After all, how do you make something that outweighs you by 10 times do anything it does not want to do?

Then Katie Colfer steps in, gently takes the reins and walks the horse down the hall, circles and comes back and guides her into the stall with aplomb.

Watching this magnificent horse tiptoe at the hands of this young barn manager and equestrienne at Birchwood Farm, it becomes evident why people do this — they make that connection, find that mutual understanding, arrive at that moment when a half-ton animal trusts you that she won’t bump her head this time.

Because horse ownership isn’t a roll in the hay. It exudes a pungent odor and dirties up your clothes; it demands a never-ending cycle of cleaning, grooming, exercising, and for some, training, traveling and competing.

It’s time consuming, for a pastime.

Larry Beck“Oh, it’s not a hobby,” says Larry Beck, a name that comes up repeatedly in the Northern Michigan horse scene. Beck and his wife of 54 years, Nancy, are the owners of Birchwood Farms and affiliated properties, encompassing the equestrian center, construction company, and 350 acres of pasture, trails and woodlands north of Harbor Springs.

The Becks’ personal property is a home and acreage at “Horseshoe Bend” on M-119, right at that hairpin turn along this state’s coastal highway. Among their acres of land, the Becks own 30 horses themselves and board 34 others.

It’s been a lifelong pursuit of Larry’s, starting when he was thrown from a horse on his aunt’s Texas ranch at 7. “I learned by the seat of my pants how to stay on a horse,” he recalls.

Since that first impression, he’s owned at least 100 horses, and while he has had a few favorites, he divulges that he doesn’t get emotionally attached.

“I enjoy them. I provide a tremendous home for them. But my job on Sunday on the farm (as a youth) was to get the rooster for dinner,” he says, going on to detail next the process of how he was responsible for initiating young bulls into the harsh realities of the world, too.
 
That farm, outside of Chicago and owned by his parents, introduced Beck to the labors of farm life.

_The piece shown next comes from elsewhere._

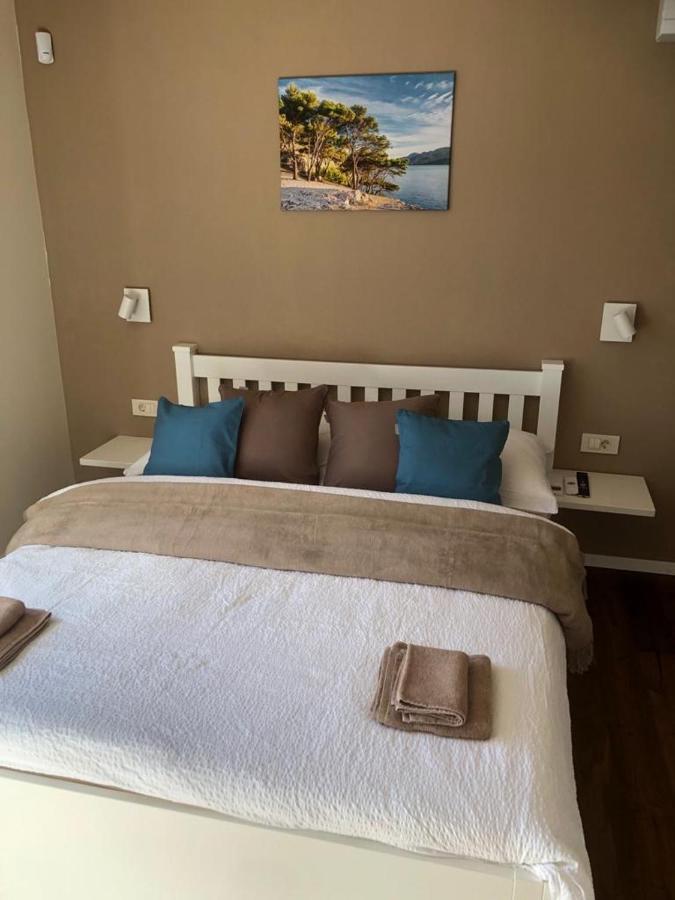 Luxury Villa Gradin Gračišče Esterno foto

While they lived in the city, weekends were spent in the country, where he learned to drive horses and handle those previously mentioned tasks of managing animals. He also drove a milk wagon in the city, and made his first connection to Northern Michigan by spending a summer sweeping up manure on illustrious Harbor Point.

It’d be 30 years until he visited the North again, after a sister married into a family in the area. In the meantime, he worked to develop Waste Management, today among the giants in waste collection companies in the country.

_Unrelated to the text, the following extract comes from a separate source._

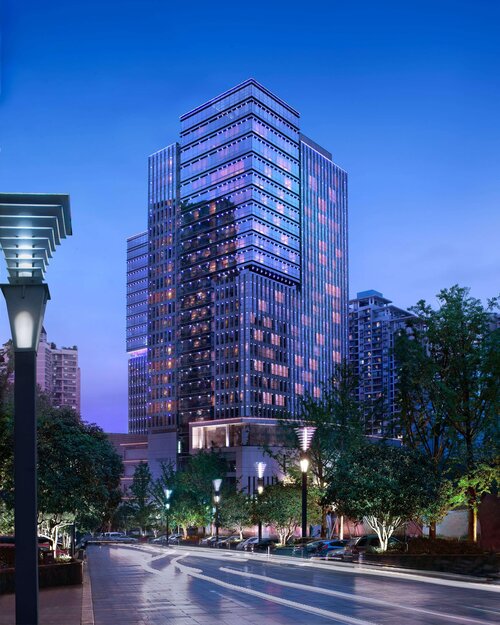 Hyatt Regency Chongqing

When it came time to retire, the Becks looked for a place to build a second home for themselves and their children (Holly, Scott and Tom) and grandchildren to enjoy, and in 1980 they found the property that would become their home, at Horseshoe Bend atop the bluff north of Harbor. Twelve years ago, the couple bought the Smith Hoover farmstead and created Birchwood Farms; whenever adjacent land would open up for sale, Beck would buy it and they now have about 350 acres criss-crossed with trails and opened wide with pastures for the horses.

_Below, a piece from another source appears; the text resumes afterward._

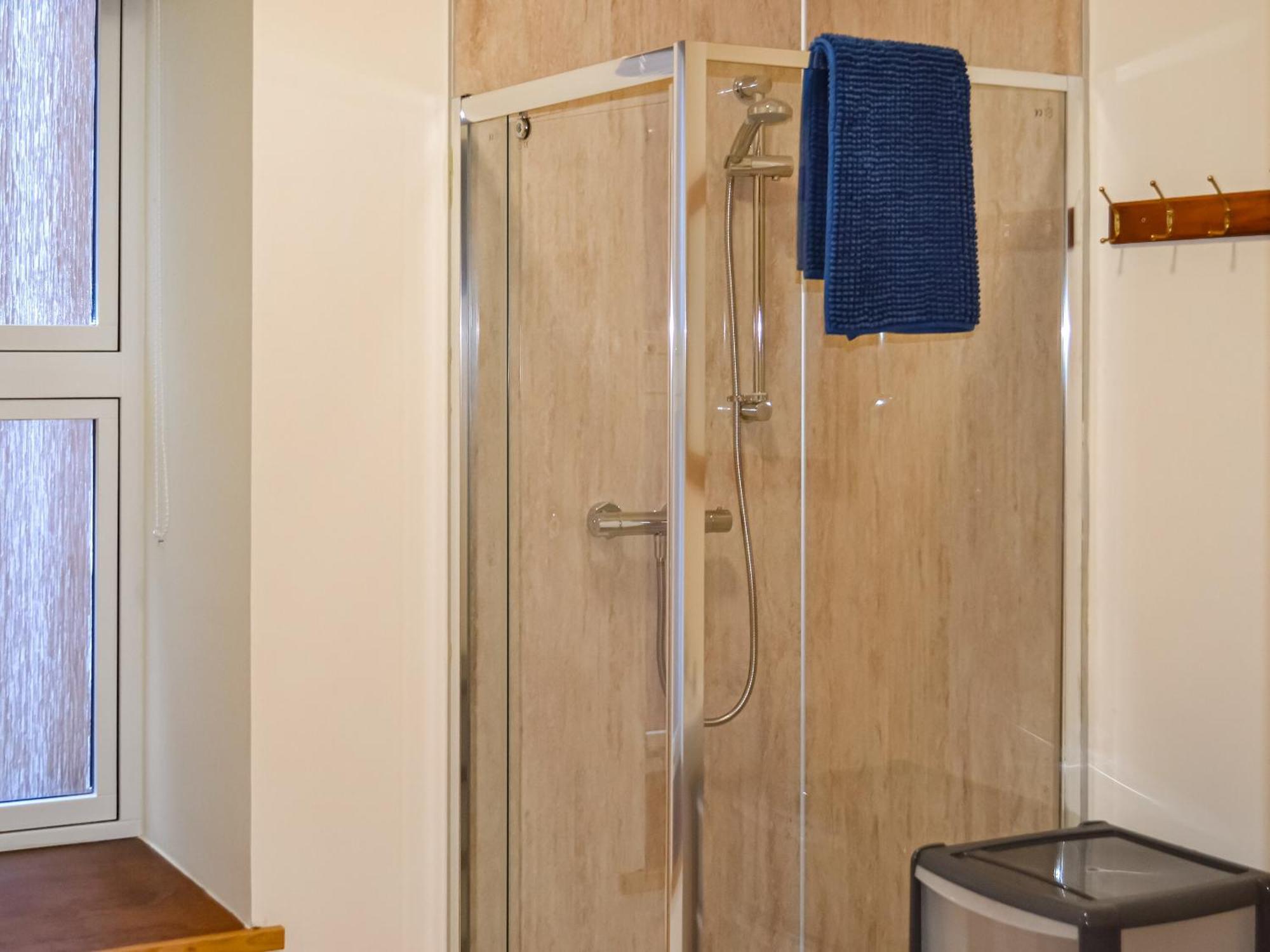 Harbour Apartment Nairn Bagian luar foto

His focus now is to develop Birchwood into a premier equestrian center, with regular events and an emphasis on boarding, training and a driver’s program. Beck has also been instrumental in supporting the Harbor Springs High School equestrian team, offering horses for lease to some students who want to participate but who don’t have a horse; those students can work off the lease terms at the farm as well.

Beck also opens the grounds to handicapped children once a year, in partnership with the Christ Child Society, offering rides and interaction with the horses, including his own cavalcade of 30. Among them is Shots, a 24-year-old out in pasture.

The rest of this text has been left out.